== Segment start ==
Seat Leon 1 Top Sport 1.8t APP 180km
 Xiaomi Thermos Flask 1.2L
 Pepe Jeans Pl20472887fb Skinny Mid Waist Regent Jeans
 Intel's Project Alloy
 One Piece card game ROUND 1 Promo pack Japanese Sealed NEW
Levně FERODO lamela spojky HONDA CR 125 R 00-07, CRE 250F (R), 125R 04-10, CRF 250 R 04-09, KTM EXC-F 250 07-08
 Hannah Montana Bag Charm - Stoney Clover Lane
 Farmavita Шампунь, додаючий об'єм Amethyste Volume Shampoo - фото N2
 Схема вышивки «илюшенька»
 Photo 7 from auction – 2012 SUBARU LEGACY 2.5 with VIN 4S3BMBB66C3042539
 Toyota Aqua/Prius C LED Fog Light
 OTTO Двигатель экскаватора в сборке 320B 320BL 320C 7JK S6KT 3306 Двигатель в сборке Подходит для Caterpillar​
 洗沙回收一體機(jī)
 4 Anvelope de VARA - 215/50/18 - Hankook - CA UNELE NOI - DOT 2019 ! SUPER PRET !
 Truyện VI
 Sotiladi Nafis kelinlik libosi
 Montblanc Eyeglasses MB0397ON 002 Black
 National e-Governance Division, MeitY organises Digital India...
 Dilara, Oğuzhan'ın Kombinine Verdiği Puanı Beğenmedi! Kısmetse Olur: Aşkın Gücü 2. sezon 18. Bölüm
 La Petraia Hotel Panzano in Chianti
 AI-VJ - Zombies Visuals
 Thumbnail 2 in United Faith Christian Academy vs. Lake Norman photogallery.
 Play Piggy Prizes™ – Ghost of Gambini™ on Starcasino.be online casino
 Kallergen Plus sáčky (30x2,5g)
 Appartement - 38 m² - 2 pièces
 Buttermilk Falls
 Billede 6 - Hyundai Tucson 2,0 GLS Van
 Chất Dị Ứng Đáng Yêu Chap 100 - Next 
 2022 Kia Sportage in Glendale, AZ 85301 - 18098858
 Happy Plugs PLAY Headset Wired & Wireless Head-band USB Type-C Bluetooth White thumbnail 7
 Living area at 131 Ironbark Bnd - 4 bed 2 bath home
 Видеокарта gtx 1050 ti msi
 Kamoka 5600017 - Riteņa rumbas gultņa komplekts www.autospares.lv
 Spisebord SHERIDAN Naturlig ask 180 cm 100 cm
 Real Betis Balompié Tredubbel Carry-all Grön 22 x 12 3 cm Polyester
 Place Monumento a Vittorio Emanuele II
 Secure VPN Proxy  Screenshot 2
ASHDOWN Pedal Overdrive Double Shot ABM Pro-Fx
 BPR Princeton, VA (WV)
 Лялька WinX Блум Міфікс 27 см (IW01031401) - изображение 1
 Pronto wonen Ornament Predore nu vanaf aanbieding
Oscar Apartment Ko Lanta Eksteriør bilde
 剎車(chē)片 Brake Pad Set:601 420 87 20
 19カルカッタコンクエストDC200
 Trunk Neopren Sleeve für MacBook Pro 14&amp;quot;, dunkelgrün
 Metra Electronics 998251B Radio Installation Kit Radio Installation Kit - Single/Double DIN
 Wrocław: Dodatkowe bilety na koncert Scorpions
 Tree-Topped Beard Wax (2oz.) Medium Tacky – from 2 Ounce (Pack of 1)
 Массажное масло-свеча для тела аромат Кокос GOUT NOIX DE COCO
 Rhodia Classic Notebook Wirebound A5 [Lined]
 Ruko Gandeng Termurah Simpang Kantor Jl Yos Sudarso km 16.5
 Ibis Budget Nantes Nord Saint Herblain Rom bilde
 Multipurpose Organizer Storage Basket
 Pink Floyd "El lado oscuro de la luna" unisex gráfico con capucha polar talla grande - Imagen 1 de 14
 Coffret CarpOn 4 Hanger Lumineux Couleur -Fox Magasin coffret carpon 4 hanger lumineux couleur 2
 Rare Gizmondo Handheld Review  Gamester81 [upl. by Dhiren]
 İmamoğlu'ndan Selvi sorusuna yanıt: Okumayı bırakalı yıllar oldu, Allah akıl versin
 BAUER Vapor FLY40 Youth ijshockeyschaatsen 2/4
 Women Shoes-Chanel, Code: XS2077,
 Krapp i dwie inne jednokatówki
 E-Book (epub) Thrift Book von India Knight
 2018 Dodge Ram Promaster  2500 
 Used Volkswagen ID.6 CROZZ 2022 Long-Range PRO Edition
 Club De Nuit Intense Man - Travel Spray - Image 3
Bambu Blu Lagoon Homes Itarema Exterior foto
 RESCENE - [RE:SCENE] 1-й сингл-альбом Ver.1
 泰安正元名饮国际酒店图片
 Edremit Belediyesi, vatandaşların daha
== Segment end ==
**Exercise instructions**.
The expected output is exactly the lines of the listing above between the line holding "Toyota Aqua/Prius C LED Fog Light" and the line holding "Видеокарта gtx 1050 ti msi", inclusive.

**Solution to this problem**.
 Toyota Aqua/Prius C LED Fog Light
 OTTO Двигатель экскаватора в сборке 320B 320BL 320C 7JK S6KT 3306 Двигатель в сборке Подходит для Caterpillar​
 洗沙回收一體機(jī)
 4 Anvelope de VARA - 215/50/18 - Hankook - CA UNELE NOI - DOT 2019 ! SUPER PRET !
 Truyện VI
 Sotiladi Nafis kelinlik libosi
 Montblanc Eyeglasses MB0397ON 002 Black
 National e-Governance Division, MeitY organises Digital India...
 Dilara, Oğuzhan'ın Kombinine Verdiği Puanı Beğenmedi! Kısmetse Olur: Aşkın Gücü 2. sezon 18. Bölüm
 La Petraia Hotel Panzano in Chianti
 AI-VJ - Zombies Visuals
 Thumbnail 2 in United Faith Christian Academy vs. Lake Norman photogallery.
 Play Piggy Prizes™ – Ghost of Gambini™ on Starcasino.be online casino
 Kallergen Plus sáčky (30x2,5g)
 Appartement - 38 m² - 2 pièces
 Buttermilk Falls
 Billede 6 - Hyundai Tucson 2,0 GLS Van
 Chất Dị Ứng Đáng Yêu Chap 100 - Next 
 2022 Kia Sportage in Glendale, AZ 85301 - 18098858
 Happy Plugs PLAY Headset Wired & Wireless Head-band USB Type-C Bluetooth White thumbnail 7
 Living area at 131 Ironbark Bnd - 4 bed 2 bath home
 Видеокарта gtx 1050 ti msi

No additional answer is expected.